Le démon des eaux troubles (Hell and high water, Samuel Fuller, 1954)

Un sous-marin a pour mission d’espionner une base nucléaire communiste clandestine.

Difficile de retrouver l’empreinte de Samuel Fuller dans cette fantaisie qui a plus à voir avec Blake & Mortimer qu’avec J’ai vécu l’enfer de Corée mais l’écran large du Cinémascope brillamment utilisé dans un espace pourtant restreint, le chaud Technicolor, la jolie musique de Alfred Newman, le rythme soutenu des péripéties et le plaisir rare de voir Victor Francen confronté à Richard Widmark en font un honorable divertissement.

 

Aux postes de combat (The Bedford incident, James B. Harris, 1965)

Pendant la guerre froide, un destroyer américain traque un sous-marin soviétique…

Le manque de détails concrets et réalistes de la mise en scène donne au film un côté théâtral et artificiel. Seuls les plans d’ensemble où on voit le navire naviguer permettent au spectateur d’imaginer que l’action se déroule sur un destroyer. On ne voit guère les marins travailler, on les voit essentiellement discuter. Les personnages semblent là pour incarner des idées (ex : le journaliste joué par Sidney Poitier) alimentant une fable anti-nucléaire laborieuse et même malhonnête (quid des Gold codes?). Il n’y a guère que le bouillonnant Richard Widmark pour parvenir à insuffler un peu de vie dans ce film à thèse (thèse qui est la même que dans Docteur Folamour, exprimée ici avec un imperturbable et assommant sérieux).
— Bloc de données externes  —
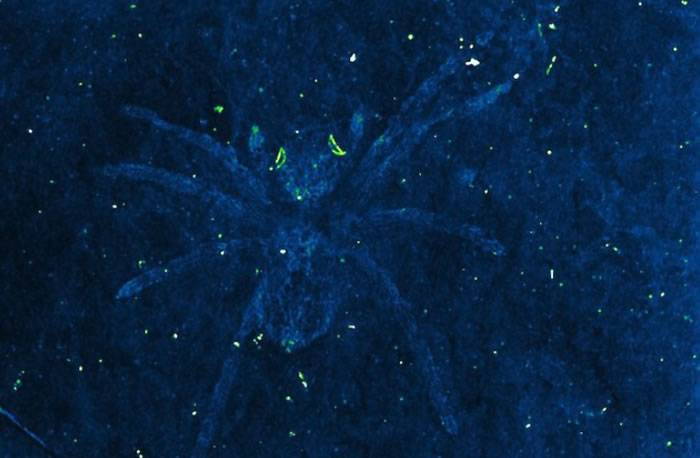 韩国Namhae地区下白垩统晋州组发现眼睛仍能反射光线的蜘蛛化石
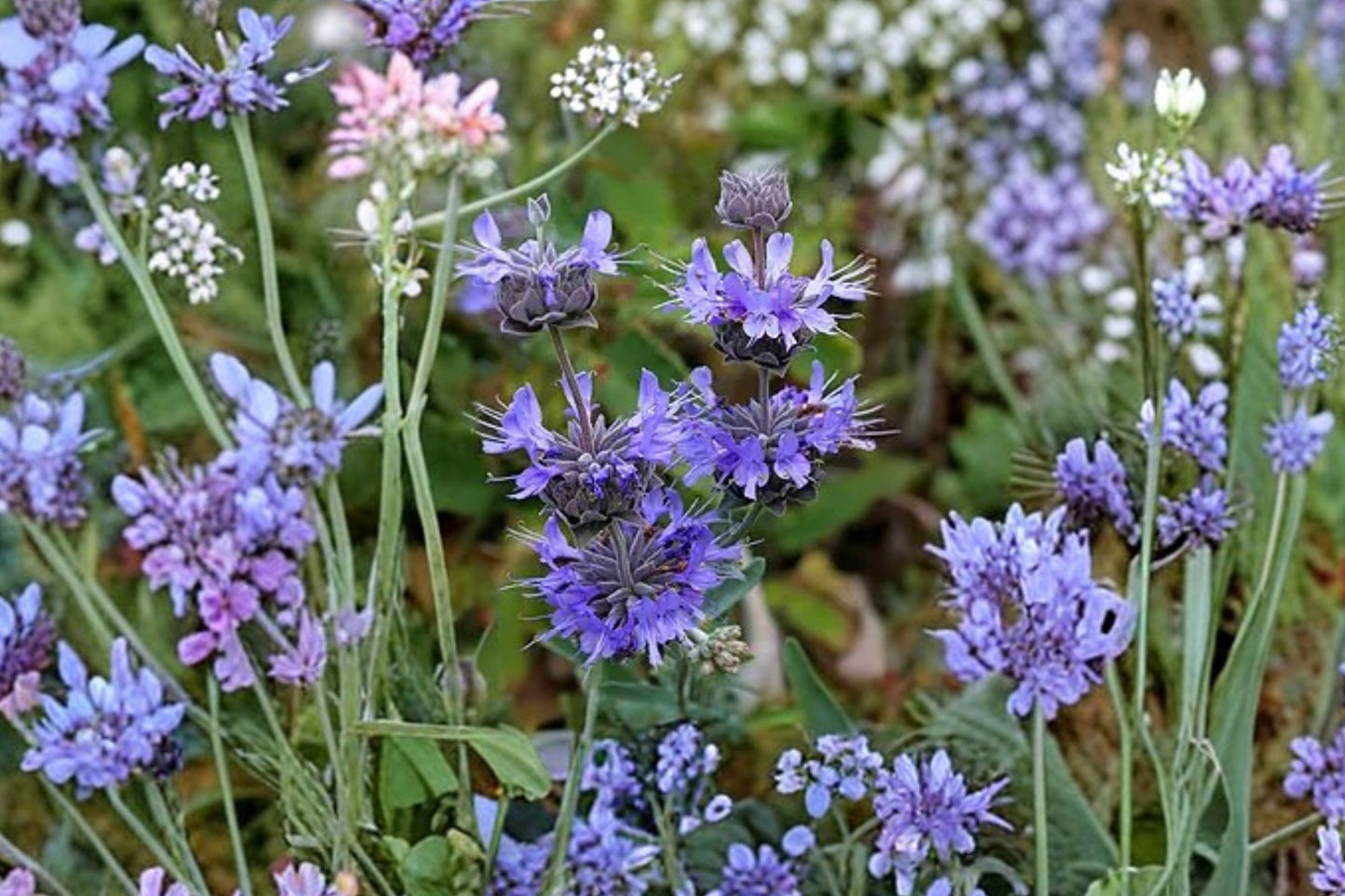 Pozo Blue Salvia Live Plant | Salvia clevelandii 'Pozo Blue' | California Native Pollinator Drought Tolerant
L’ultimatum des trois mercenaires (Twilight’s last gleaming, Robert Aldrich, 1977)

Un général renégat s’empare d’un silo de missiles nucléaires et fait du chantage sur la maison-blanche…

Cet opus tardif de Robert Aldrich est une parabole gauchiste aux ressorts particulièrement grossiers et artificiels. Je songe notamment au contenu du fameux document top-secret qui dénote la naïveté du film. Je songe aussi à l’absurdité du fait que le président aille se présenter aux terroristes après avoir accepté leurs exigences. Je songe au fait qu’un simple truand explique à un général étoilé présenté pendant tout le film comme hyper-brillant les pièges (qui sont gros comme une maison) que celui-ci n’a pas anticipés. Ce manque de crédibilité se retrouve aussi dans une mise en scène étonnamment inégale: l’assaut du silo nucléaire ressemble à un braquage d’épicerie tant il manque d’ampleur. Pas de plan large, un montage confus, un décor quasi-ridicule et des péripéties artificielles (le coup du niveau à bulles) font que l’on ne ressent guère la tension de l’évènement. L’utilisation abusive du split-screen ajoute à la confusion générale. Les personnages sont taillés à la serpe (pauvre Richard Widmark!), le film est truffé de coups de stabylo surlignant le discours de l’auteur. Pourtant, le film se suit avec un certain plaisir grâce à la puissance de son ressort dramatique principal, à quelques moments de suspense bien orchestrés et à Burt Lancaster, toujours excellent. Chouette divertissement du samedi soir,  L’ultimatum des trois mercenaires reste un opus mineur au sein de la filmographie de son auteur.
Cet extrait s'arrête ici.